Now, we have same-origin and cross-origin accesses to these resources, with and without credentials.

What I'm trying to understand is why the bug isn't with the omission of Vary: Cookie, WWW-Authenticate. I'm not sure your phrasing in https://github.com/whatwg/fetch/issues/307#issuecomment-285113449 is what I'd agree with, if only because isn't this what Vary is supposed to be for?

Your statement about TLS certificates leaves me similarly confused, because I would have understood if the argument is that because TLS is a transport-level authentication mechanism, you can't Vary it in the Response. Further, I could understand/appreciate if the argument was that the existence of connection-based authentication headers that abuse(d) HTTP/1.1 (namely, NTLM, Kerberos, and Negotiate) means that some requests would omit the HTTP-Authorization header, and thus fail to be able to be Vary'd on them.

To me, I read that similar to what @mnot suggested originally (if I understood https://github.com/whatwg/fetch/issues/307#issuecomment-282898783 correctly), which is that the existence of intermediate proxies means that this is already a problem - but only for servers that vary the content on the same resource identifier based on what fetch() calls "credentials" but which are actually a complex set of relationships - both part of HTTP and of the underlying transport.

annevk commented 7 years ago

Intermediate proxies can be a problem, yes, but are not in use for most simple sites, which will use increasingly use HTTPS (defeating other kinds of proxies).

I think the bug isn't the omission of Vary because 1) Vary isn't very reliable 2) it's extremely easy to add a header unconditionally and it's been somewhat widely broadcast that it's safe to do so 3) browsers typically offer defense-in-depth even when sites could have protected themselves better (case in point: intranets).

sleevi commented 7 years ago

but are not in use for most simple sites, which will use increasingly use HTTPS (defeating other kinds of proxies).

I'm not sure I agree with this claim, if only because it's made without data.
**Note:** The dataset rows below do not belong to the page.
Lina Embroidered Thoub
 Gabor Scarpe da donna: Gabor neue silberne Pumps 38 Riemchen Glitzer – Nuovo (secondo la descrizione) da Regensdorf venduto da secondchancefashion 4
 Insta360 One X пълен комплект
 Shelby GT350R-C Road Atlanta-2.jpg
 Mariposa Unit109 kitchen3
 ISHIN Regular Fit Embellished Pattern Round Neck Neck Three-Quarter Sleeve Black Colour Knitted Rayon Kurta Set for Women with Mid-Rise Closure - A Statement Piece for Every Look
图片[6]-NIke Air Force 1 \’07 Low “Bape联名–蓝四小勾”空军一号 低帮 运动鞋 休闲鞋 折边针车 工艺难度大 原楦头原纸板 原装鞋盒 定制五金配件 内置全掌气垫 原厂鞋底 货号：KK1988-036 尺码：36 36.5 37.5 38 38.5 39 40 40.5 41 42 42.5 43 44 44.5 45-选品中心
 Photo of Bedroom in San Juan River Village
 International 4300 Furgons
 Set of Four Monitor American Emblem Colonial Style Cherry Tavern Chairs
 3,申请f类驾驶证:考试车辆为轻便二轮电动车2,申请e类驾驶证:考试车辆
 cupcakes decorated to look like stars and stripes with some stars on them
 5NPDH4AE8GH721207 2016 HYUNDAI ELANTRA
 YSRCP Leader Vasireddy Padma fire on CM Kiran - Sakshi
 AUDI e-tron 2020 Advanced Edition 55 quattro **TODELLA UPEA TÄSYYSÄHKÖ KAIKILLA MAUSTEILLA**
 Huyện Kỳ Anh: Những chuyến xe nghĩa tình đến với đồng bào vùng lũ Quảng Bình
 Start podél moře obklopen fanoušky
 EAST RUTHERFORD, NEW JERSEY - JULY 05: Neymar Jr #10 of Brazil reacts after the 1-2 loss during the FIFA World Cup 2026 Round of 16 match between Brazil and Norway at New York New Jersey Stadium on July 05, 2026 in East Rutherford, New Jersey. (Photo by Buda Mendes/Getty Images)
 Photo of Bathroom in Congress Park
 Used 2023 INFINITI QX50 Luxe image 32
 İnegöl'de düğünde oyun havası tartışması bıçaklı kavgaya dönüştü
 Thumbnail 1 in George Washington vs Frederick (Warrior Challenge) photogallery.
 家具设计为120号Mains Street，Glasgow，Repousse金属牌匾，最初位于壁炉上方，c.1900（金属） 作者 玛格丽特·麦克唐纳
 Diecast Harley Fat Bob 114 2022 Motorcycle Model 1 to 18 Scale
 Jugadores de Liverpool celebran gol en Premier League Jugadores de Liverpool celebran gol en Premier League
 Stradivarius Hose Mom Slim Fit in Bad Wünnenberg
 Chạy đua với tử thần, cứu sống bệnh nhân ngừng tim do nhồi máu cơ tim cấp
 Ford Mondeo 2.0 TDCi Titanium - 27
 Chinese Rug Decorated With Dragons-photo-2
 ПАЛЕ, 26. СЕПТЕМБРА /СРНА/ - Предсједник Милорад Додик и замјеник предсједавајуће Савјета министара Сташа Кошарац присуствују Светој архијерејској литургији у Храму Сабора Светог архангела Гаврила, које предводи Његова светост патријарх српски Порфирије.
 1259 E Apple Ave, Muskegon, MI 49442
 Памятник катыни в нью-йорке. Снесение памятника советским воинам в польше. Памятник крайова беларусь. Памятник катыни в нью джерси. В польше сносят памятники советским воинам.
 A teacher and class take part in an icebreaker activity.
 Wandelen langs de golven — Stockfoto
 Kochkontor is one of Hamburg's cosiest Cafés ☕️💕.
For example, most simple sites shouldn't run into this problem (therefore, should we only focus on complex sites, which may use this?). But also, even many simple sites do increasingly use intermediate proxies, hosted by the CDN performing the TLS termination on their behalf, which then communicates directly with their resources. Think Akamai or Cloudflare - which seem to be pretty well used at this point :)

browsers typically offer defense-in-depth even when sites could have protected themselves better (case in point: intranets)

I'm not sure I agree with this either. Browsers try to ensure the flexibility to afford controls for the site operator to match intent and behaviour, but I don't think they can or do strive to prevent 'misuse' of those controls. I think the scenario you've described, at least as I tried to summarize in https://github.com/whatwg/fetch/issues/307#issuecomment-285116968 , sounds like a misuse of the controls rather than an absence of controls, but I'm trying to make sure I understand the issue fully.

mnot commented 6 years ago

Just a reminder: the HTTP caching document is being revised, so if we can come to a resolution here, it's possible to get some text in there as well (subject to consensus in the HTTP WG etc.).